第2章では、薬物中毒の発症と特徴に関する疫学的知見を紹介する。 まず、薬物の使用は通常、薬物乱用に進まないという、今ではよく知られた事実を確認するデータが提示される。 ほとんどの乱用薬物では、時折の使用から薬物依存に移行するのは2-3%程度である。 しかし、Heymanは、この3%という数字が非常に大きな絶対数になることを適切に指摘している。 また、彼は興味深い例外を指摘している。ベトナムに従軍したアメリカ軍兵士は、アヘンを使用した後、驚くことに40%の割合で中毒になることを示した。 この異常さは、2つの結論の根拠となる。 一つは、ベトナム帰還兵のアヘン剤中毒率の高さは、薬物の作用を神経細胞レベルで理解するだけでは、薬物乱用の事実を説明するのに十分ではないという事実を浮き彫りにしていることである。 2つ目は、これは本書の後半になるが、ベトナム帰還兵におけるアヘン中毒は、より広い集団における中毒の研究に影響を与えるかもしれないということである。 これらの記述は非常に逸話的な性格を持っており、したがって一般性に関しては疑わしいが、Heymanは後に薬物乱用の通常の経過に関する議論においてそれらを利用している。 どの事例がどのような意味で典型的であるかを判断する明確な方法はないが、少なくとも一つの有用な機能を果たしている。 具体的には、薬物乱用の時間的軌跡の可能性を示しているのである。 特に、いくつかの事例では、薬物乱用が人生のある時点、通常は20代後半から30代前半までに終了していることが描かれている。 したがって、これらのケースは、薬物中毒者がやめることができるかどうかについて、いくつかの入門的な土台を築く。第4章の焦点は、「一度中毒になったら、ずっと中毒なのか」というタイトルである。 一般に、最初に成功した治療が完了してから6カ月以内に、再発率が50%を超えることがある(McClellan, McKay, Forman, Cacciola, & Kemp, 2005)。 ここでヘイマンの議論は勢いを増す。 治療の再発が一般的であることに同意しつつも、ヘイマンは、治療そのものは一般的ではないことに注目している。 ほとんどの依存症者は治療に入ることはない。では、彼らはどうなるのか。 この問いに答えるために、ヘイマンは、一般的な中毒者に関する疫学的データを分析し、認められた基準に従って、すべての薬物中毒者の大多数は最終的に中毒をやめるという結論に達する。 4058>
Heyman は、治療に入る人と入らない人はどこか違うのかという問題に取り組み、実際、彼らは違うという裏付けを見つけています。 たとえば、ベトナム帰還兵のうち、治療を求めた15%ほどは、再発率が50%を超えていました(Robins, 1993; Robins, Helzer, Hesselbrock, & Wish, 1980)。 したがって、問題は次のようになるようだ。 治療を求める集団は何が違うのだろうか。 ここでも、ヘイマンが興味深い可能性を示唆している。 非常に大規模な調査から得られた疫学的証拠(Regier et al., 1990)によれば、治療を求める薬物中毒者は、そうでない者と比べて、共存する精神疾患を示す可能性が2倍以上ある。
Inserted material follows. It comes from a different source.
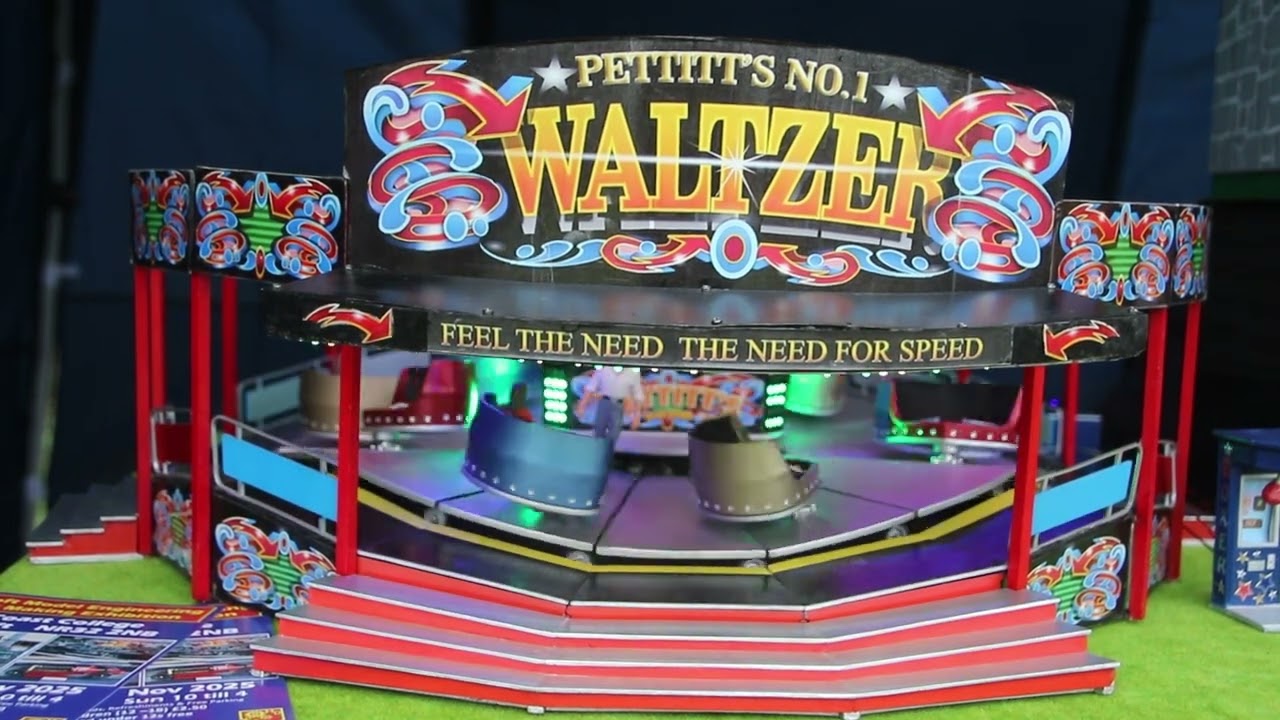 bardwell steam  mini  waltzer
ヘイマンは、第4章の最後に、精神的障害を持たないほとんどの薬物中毒者が、なぜやがて中毒を止めるのかという仮説を示している。 彼の見解は、第3章で紹介したケースヒストリーにかなりの程度基づいており、それは、「…中毒者が薬物を使い続けるかやめるかは、その選択肢に大きく依存する」というものである。 (p.84). 回復した依存症者の自伝的記述では、薬物乱用をやめた大きな要因として、経済的・家族的な問題、つまり薬物の調達や服用に直接関係する以外の偶発的な問題の役割が頻繁に指摘されている。 つまり、乱用から回復への変化は、選択的な代替手段に基づいている。 もちろん、このことは、選択が回復への道であるならば、そもそも選択がどのように問題を引き起こすのかという問題を提起している。 その疑問は、第6章と第7章で扱われる。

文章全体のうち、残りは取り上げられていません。